The people of God held onto that promise for centuries. It became a hope carried across generations, especially when things looked bleak. God would come. He would not abandon them.
And then one day, in a small town under Roman rule, a young woman finds herself wrapped up in that ancient promise. She’s pregnant, confused, and facing a future she didn’t choose—but God is with her. The angel quoting Isaiah to Joseph wasn’t pulling from thin air. He was tying the whole big story together: This child is that sign. This is God, here with you.
It’s easy to think these stories belong in stained-glass windows or seasonal nostalgia—angels and prophecies and old words from another world. But this promise? It still speaks into the strange emotional tension of the season. The weariness beneath the glitter. The joy laced with grief. The unspoken feeling that you’re meant to be more “together” than you actually are.

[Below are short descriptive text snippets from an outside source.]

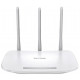 TP-LINK TL-WR845N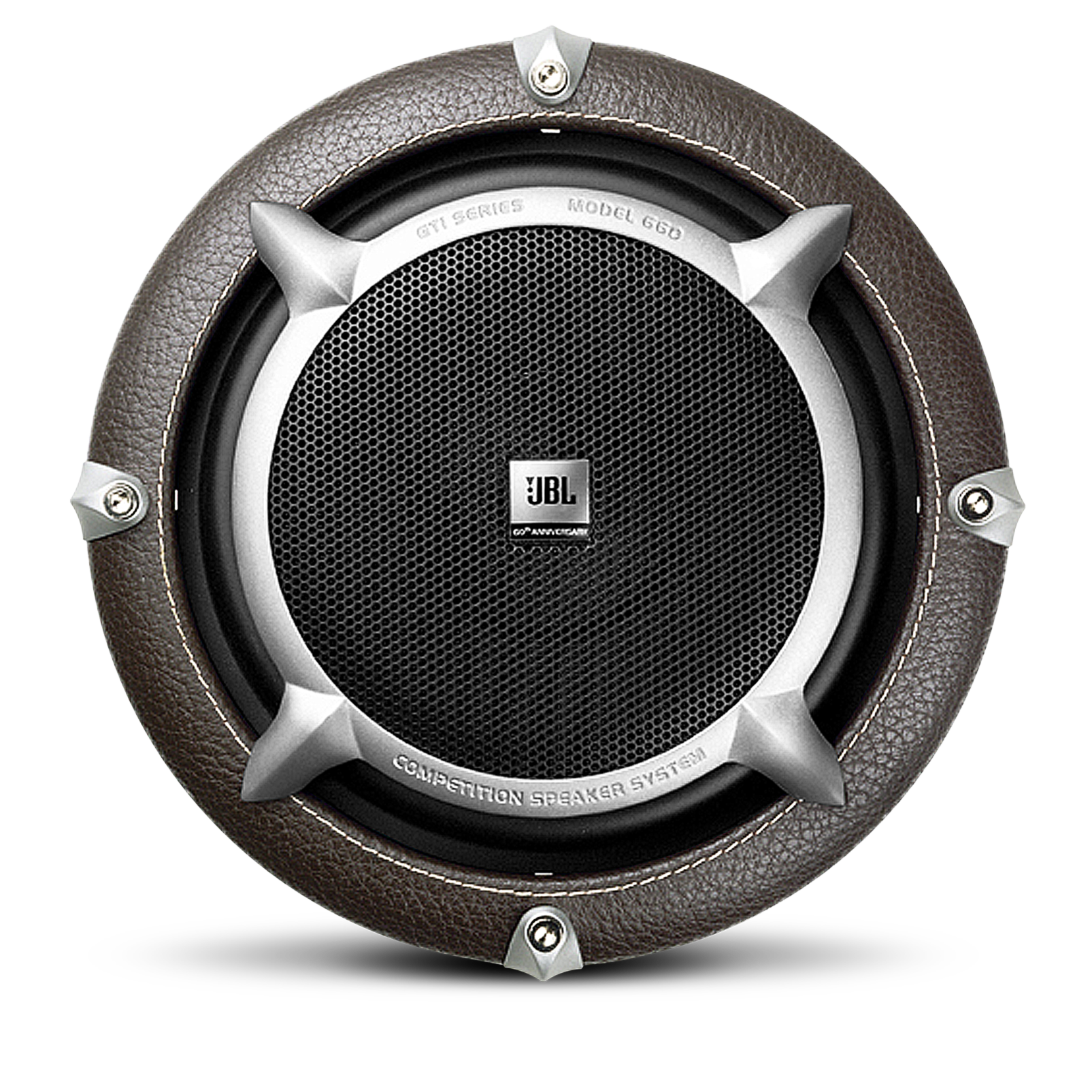 JBL 60Th Anniversary 660Gti 60周年記念モデル美品 希少☆JBL 660GTi 60周年アニバーサリーモデル☆ANNIVERSARY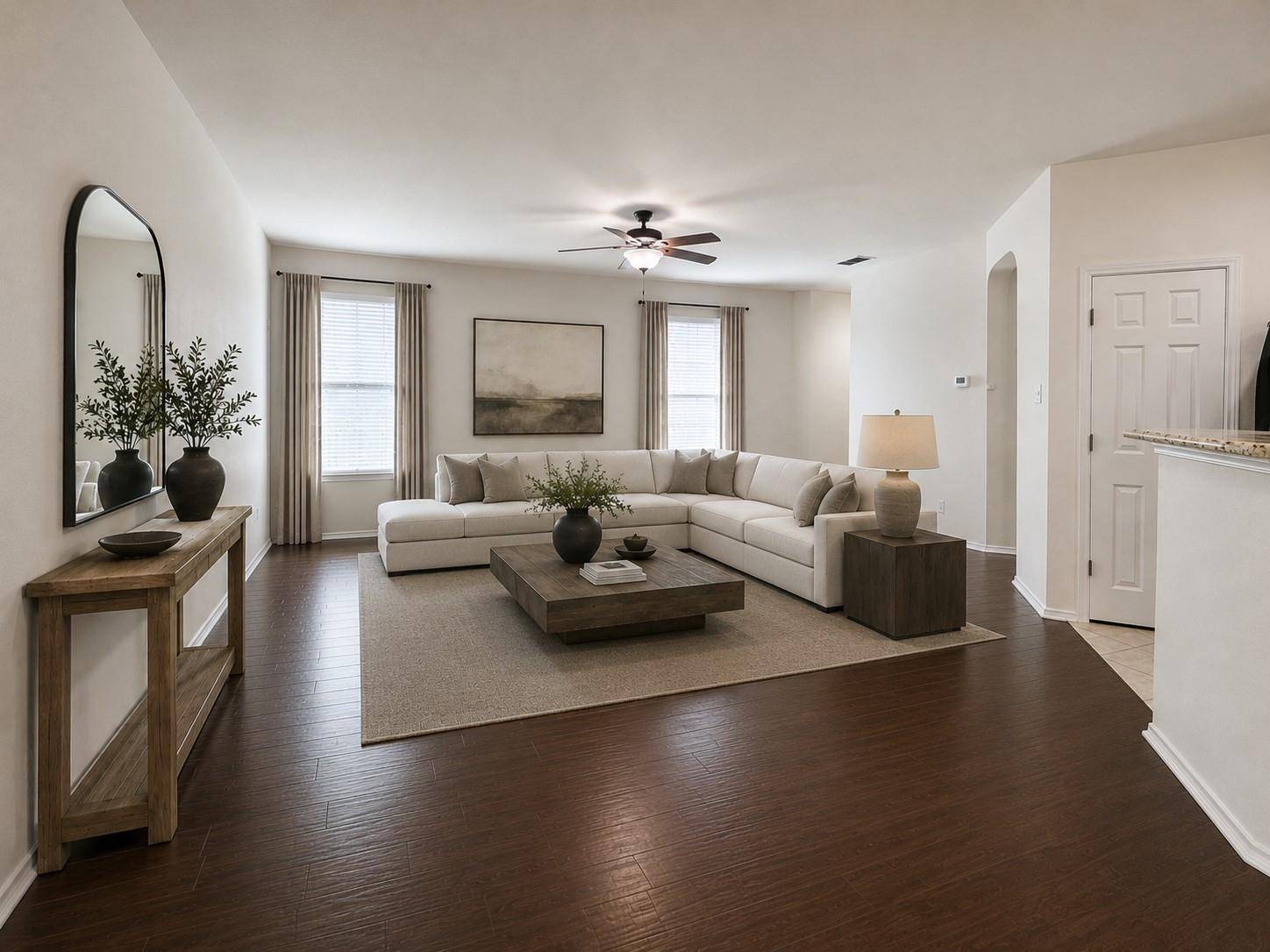 1181 Dorn, Kyle, TX 78640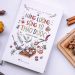 Năng Lượng Sống Từ Thảo Dược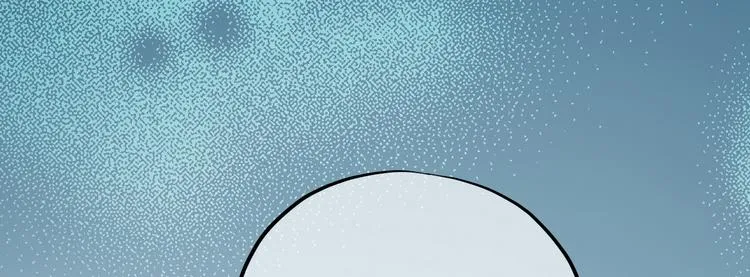 第二十六话 第64页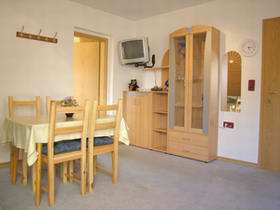 Ferienwohnung Cuxhaven Fotos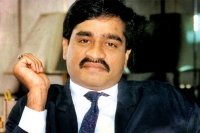 Dawood and shakeel wanted to surrender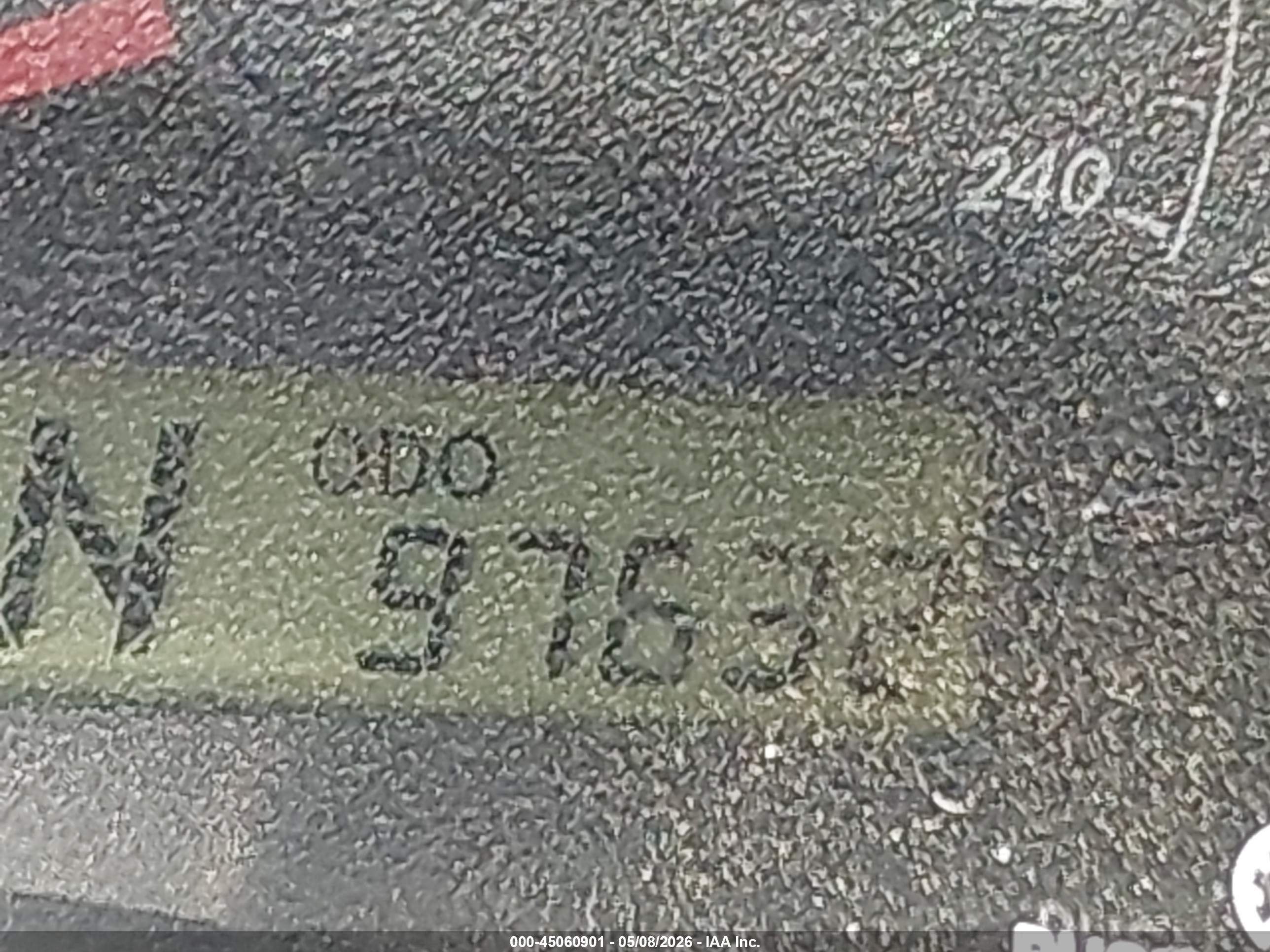 TOYOTA COROLLA image 7
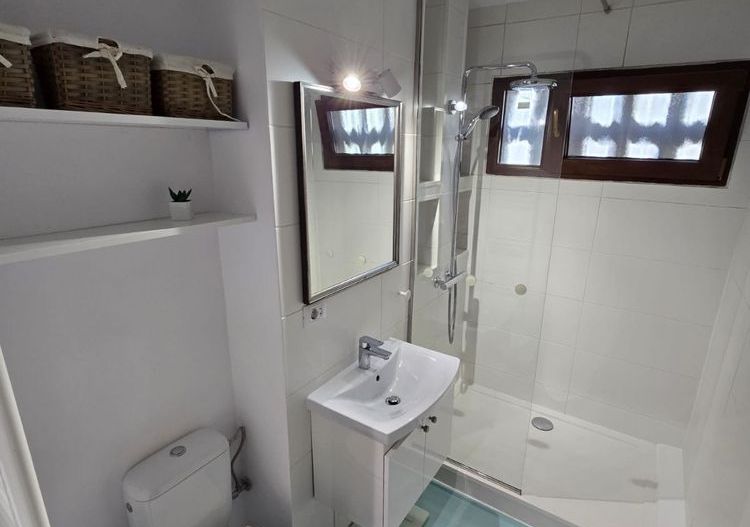 Apartament modern I Complet utilat I zona Gheorge Lazar - Poză 8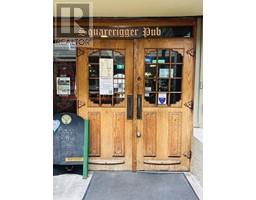 150 1425 Marine Drive, West Vancouver, Ca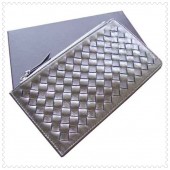 Bottega Veneta Wallet 2009113020 BV919eh94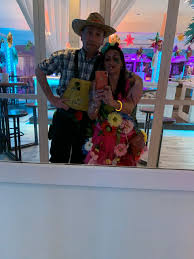 Contatta ☎ club casa di caccia monastier di treviso, via pisani, 12 con ⌚ orari, indicazioni stradali, dati di contatto. Vista Dalla Piscina Rosa Blu Picture Of Club Casa Di Caccia Monastier Di Treviso Tripadvisor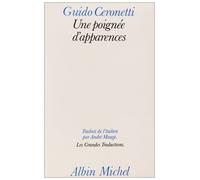 Une poignée d'apparences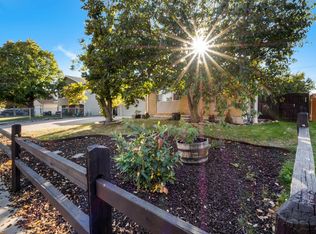 212 Bent Ave, Cheyenne, WY 82007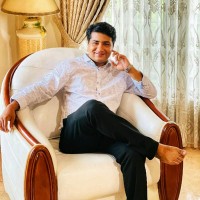 Rafsan Jamil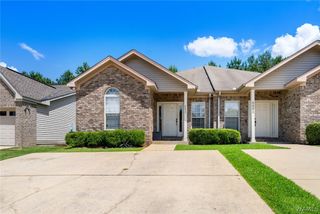 6623 Covington villas Ln, Tuscaloosa, AL 35405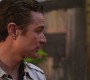 516Smallville0771.jpg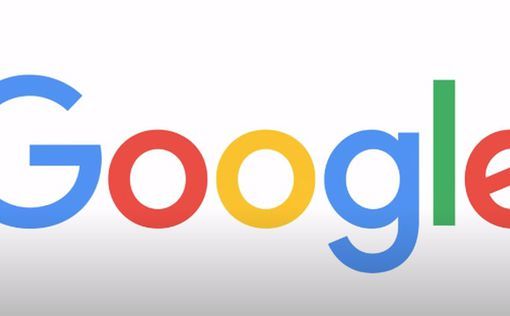 Google выпустила приложение для запуска на ПК Android-игр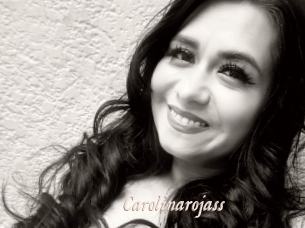 carolinarojass Chobix 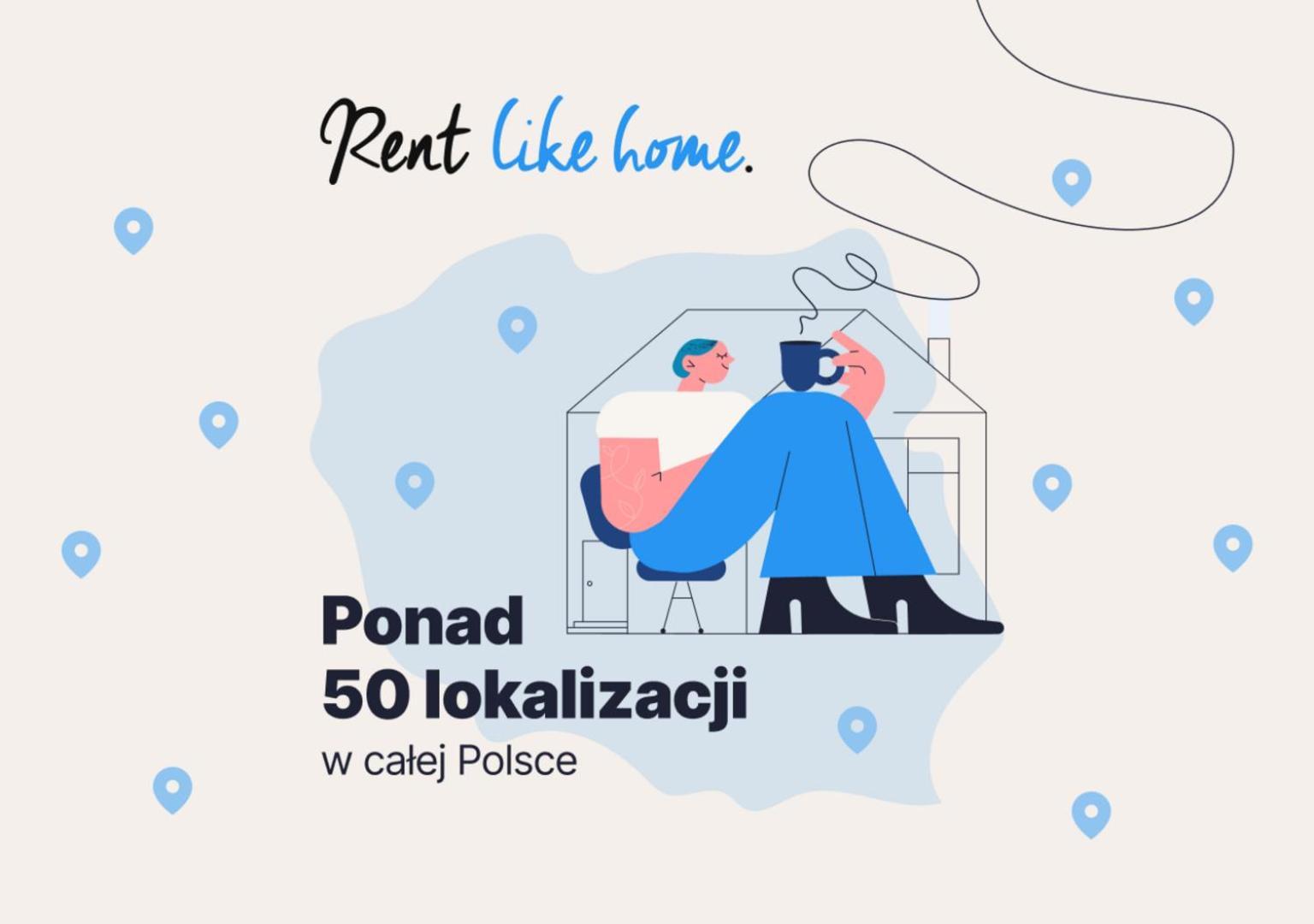 Rent Like Home X Deo Plaza - Old Town Danzig Exterior foto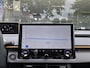Subaru Uncharted 2E-xcite+ | Nieuw Leverbaar | 8 Jaar Fabrieksgarantie | Adaptieve Cruise Control |  Stoelverwarming | Harman/Kardon Audio | 360 Camera | Apple Carplay/Android Auto |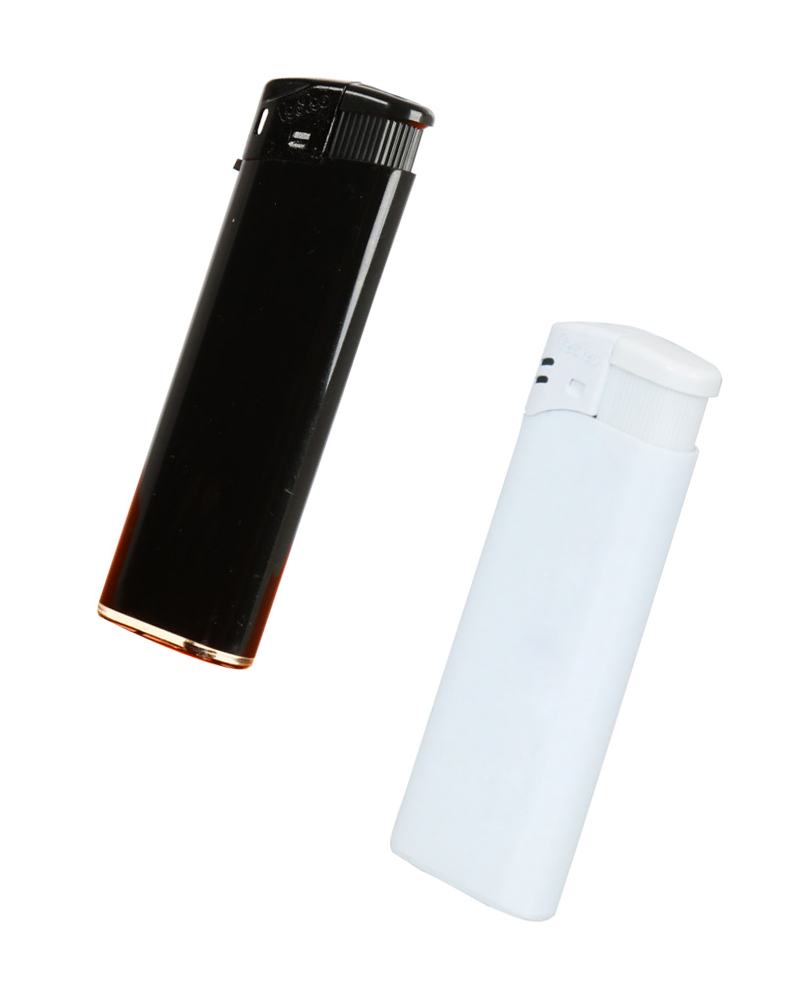 Promosyon  Manyetolu Çakmak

This is where Advent does its quiet work. Not by fixing everything, but by reframing it. Instead of escape, it offers encounter. And instead of striving, it calls us to honest presence—with God, with ourselves, and with others. That’s the invitation of incarnation. As N.T. Wright puts it, “God doesn’t send a postcard; He comes in person.”
Theologically, this matters because it shows us what God is like. He doesn’t bypass the messy bits. He doesn’t demand distance or perfection. He joins us in the waiting, in the not-yet, in the already and the ache. And when we let that shape us, we become more fully human too. Not in spite of our vulnerability, but because of it.
Emotionally, this matters because it reminds us that presence is transformative. Not just God’s presence, but ours too. Being present to our own life, our relationships, even our pain, is part of how we walk with Jesus. Advent calls us into that kind of grounded faith. The kind that can sit in tension without needing to solve it.
Hope isn’t passive. It’s a Spirit-empowered posture that refuses to give up, even when the night feels long. As we wait, we don’t wait alone—the Spirit groans with us (Romans 8) and strengthens us to trust again. This is not just reflective waiting. It’s empowered longing. God meets us in the ache and invites us to hold hope for others, too.
So before everything ramps up, maybe let this week be a slow beginning. A quiet chance to reorient—to turn your face, your schedule, your heart toward the One who is already near, and always coming closer.
ADVENT CANDLE
“We light the candle of Hope, trusting that God begins His work even in silence and smallness.”